ERP surrounding advice still serves 3000s
Automated messages track 3000's orbit

Un-parking HP 3000 ERP systems

Free Parking square

This week is the end of the line for MANMAN support from Infor. A migration company once offered a webinar on leaving behind servers that delivered manufacturing data. The focus at Merino Services was not on MPE, or HP's 3000. The company wanted to help with an exit off MANMAN. In specific, this was a march from "MANMAN/ERP LN to Infor 10X."

While many manufacturing companies will recognize MANMAN ERP, it's the LN tag that's a little confusing. Terry Floyd, whose Support Group business has been assisting MANMAN users for more than 25 years, tried to pin it down.

"The ERP LN is Baan, I think – it’s very difficult to tell anymore. It’s not MANMAN, anyway." The target is Infor's 10X, more of a framework for the migration destinies of Infor's parked software. Such parking keeps up support, but nothing else changes.

Merino, not a company on the 3000's radar, might not be blamed for conflating a couple of ERP names, or just running them together in a subject line. The lineup of ERP applications has been declining. An ERP Graveyard graphic lists the notables and the little-known, next to their current undertakers. Infor, which is the curator of both Baan and MANMAN, has made a business of this less than active retirement for more than 15 years. Younger, more adept alternatives have been offered for MANMAN for several decades.

Floyd added, "They have bought a lot of near-bankrupt companies," Floyd added bout Infor. "As you know, a lot of people have been trying to migrate companies off of MANMAN." It's a testament to the sticky integration of ERP and the customization capability of MANMAN that it leads the graveyard in the number of times it's been acquired.

Cloud-based ERP is rising, and a half-dozen newer ERP suites like NetSuite, Workday, Plex, and Kenandy are taking the place of classic MPE-based manufacturing IT. For awhile it looked like Microsoft Dynamics was the stable bet to take on some of this mission. Ned Lilly is the CEO of open source ERP software company xTuple, and he wrote about ERP gravesites at his ERP Graveyard website. Lilly pointed at a Diginomica column by Phil Wainewright.

This alternative strategy would allow Microsoft to focus on its core platform and product engineering strategy without the conflict of having a sales team intent on winning business away from its growing army of third-party partner vendors. Some or all of the ERP products would doubtless be part of that transaction, while Microsoft would likely prefer to retain the CRM product because of the tight integration that’s possible to its Office properties.

But the ultimate decision may depend on who the buyer will be.... I think it’s more likely that Microsoft would look to sell off some or all of its legacy ERP portfolio to a ‘friendly’ competitor — one that’s committed to the Microsoft stack.

Open source ERP may be a migration choice that wouldn't land in a graveyard.

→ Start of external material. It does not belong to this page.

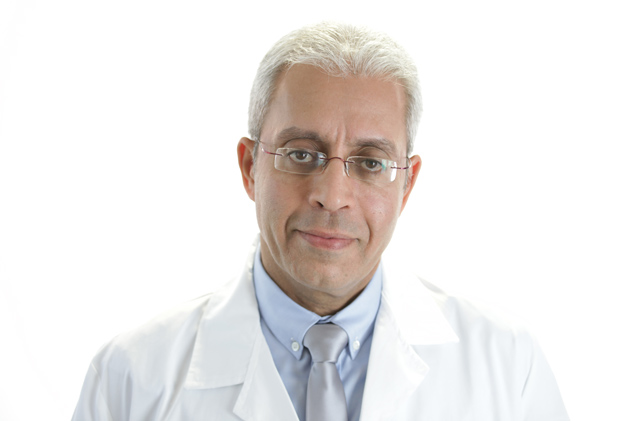 Арон Амир - специалист по реконструктивной и пластической хирургии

Commercial open source demands that some company product-izes the open software, in much the same way that Novell or RedHat turned Linux into an enterprise-worthy solution. Open Bravo is a good example.

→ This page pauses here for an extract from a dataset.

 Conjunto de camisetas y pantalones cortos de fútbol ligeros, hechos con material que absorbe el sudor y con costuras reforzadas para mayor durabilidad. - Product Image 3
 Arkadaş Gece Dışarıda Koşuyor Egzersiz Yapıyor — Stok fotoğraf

As for any Infor strategy that a MANMAN site would want to study, the busy world of Infor acquisitions is covered in an Infor Discovery Guide. The guide runs more than 100 pages and mentions 25 solutions, ranging from CloudSuite to a legacy stalwart like Lawson. Nowhere in those pages is MANMAN itself, apparently because Infor considers there's not much for anyone to discover.

Software like MANMAN still runs on 3000s to steer the business of some manufacturers. Up until this week, the customers paid support bills as if the cost was a parking fee, since their software was going nowhere. Well, not nowhere: the customers still have the capability to customize their applications themselves, carrying the companies into a future where parking places are discovered, and places to steer a migration are regularly mapped out.